Wasn't that long ago - it changed fashion - all those hounds-tooth jackets, paisley ties etc etc stopped being seen in public (on TV) and were replaced by solid colors.


Do you mean like when a moire pattern may sometimes appear to have a ghostly coloured after-image? I've seen this in old black-and-white films shown on colour TV. I've been trying to describe that to people to learn more about what it is but I always fail to. I feared there might be something wrong with my eyes. Is there a name for this effect?

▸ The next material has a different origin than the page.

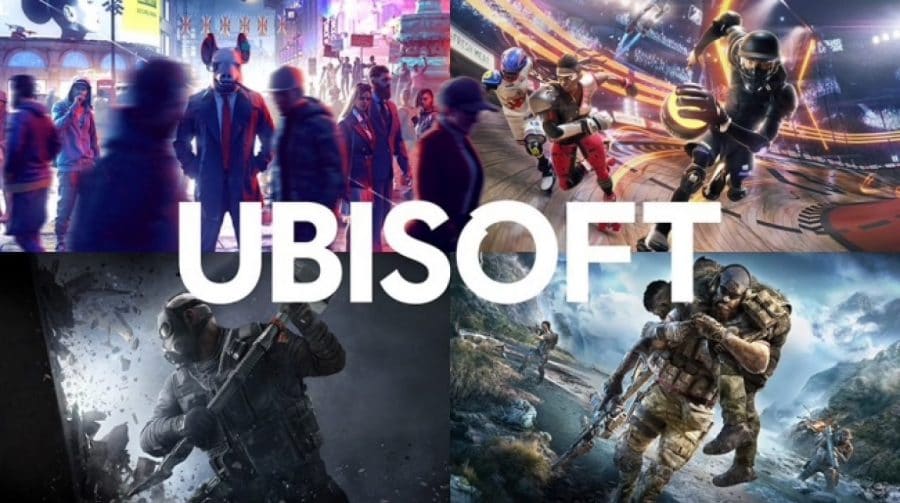 Ubisoft lançará 5 jogos entre março de 2020 e abril de 2021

For Tv's the colour is caused because the colour signal is hidden as a high frequecy component that older B&W Tv's would ignore. Conversely, a high frequency signal caused by closely spaced light and dark patterns fools colour TV's into thinking there's a colour signal present (as the filters in TV's improved the magnitude of the effect reduced, but it's there to this day in analogue TV).

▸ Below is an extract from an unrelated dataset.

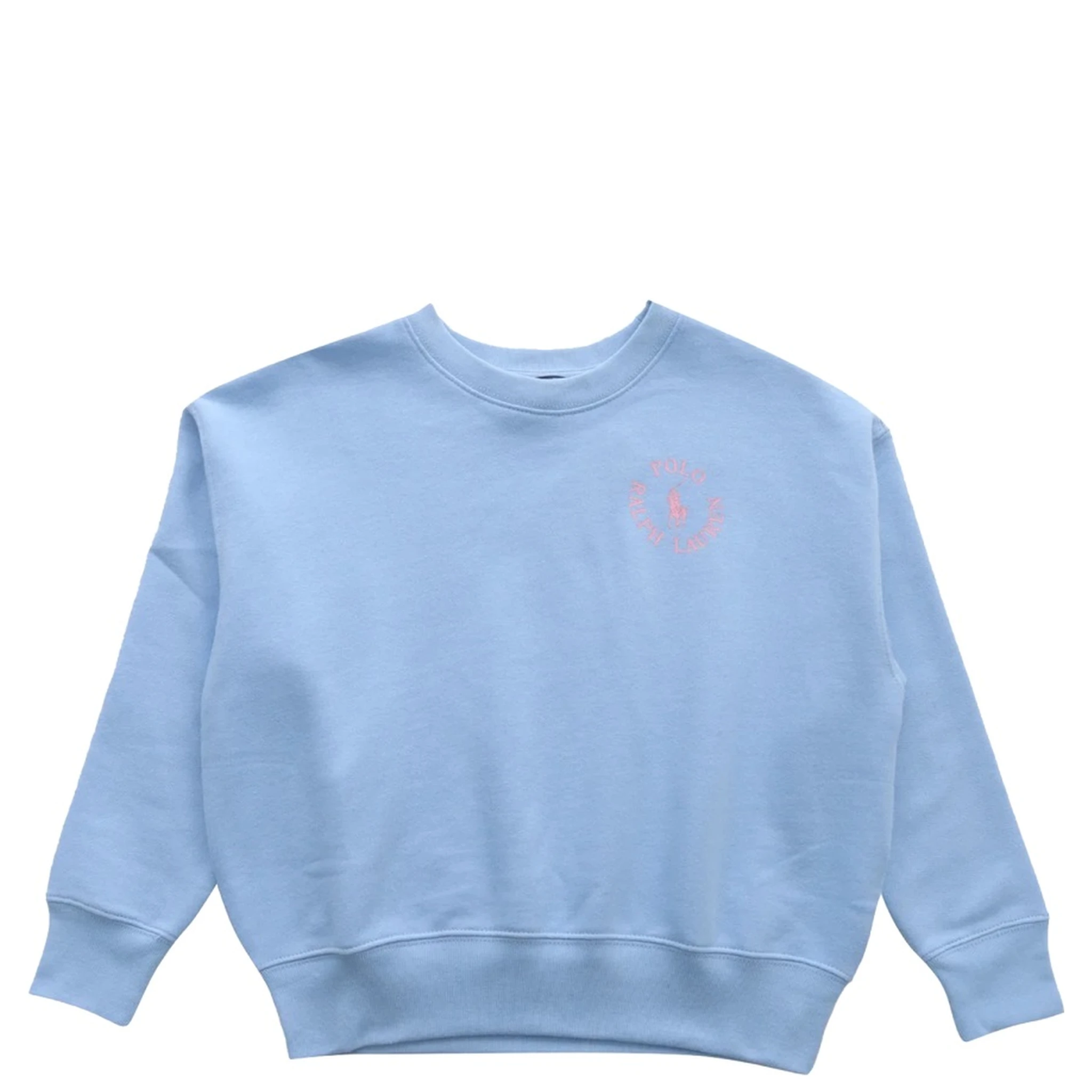 bubble crewneck sweatshirt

What you're seeing is probably Fechner Color [0]. I've seen the effect myself, as I recall there was a bit of a craze for demoing it some years back.

[0] https://en.wikipedia.org/wiki/Fechner_color


Thanks. It could well be Fechner Colour.


Back in the 1980s, D-MAC was touted as the system that was going to eliminate that problem. Separation of analogue chrominance and luminance was specifically called out as a feature in popular science explanations.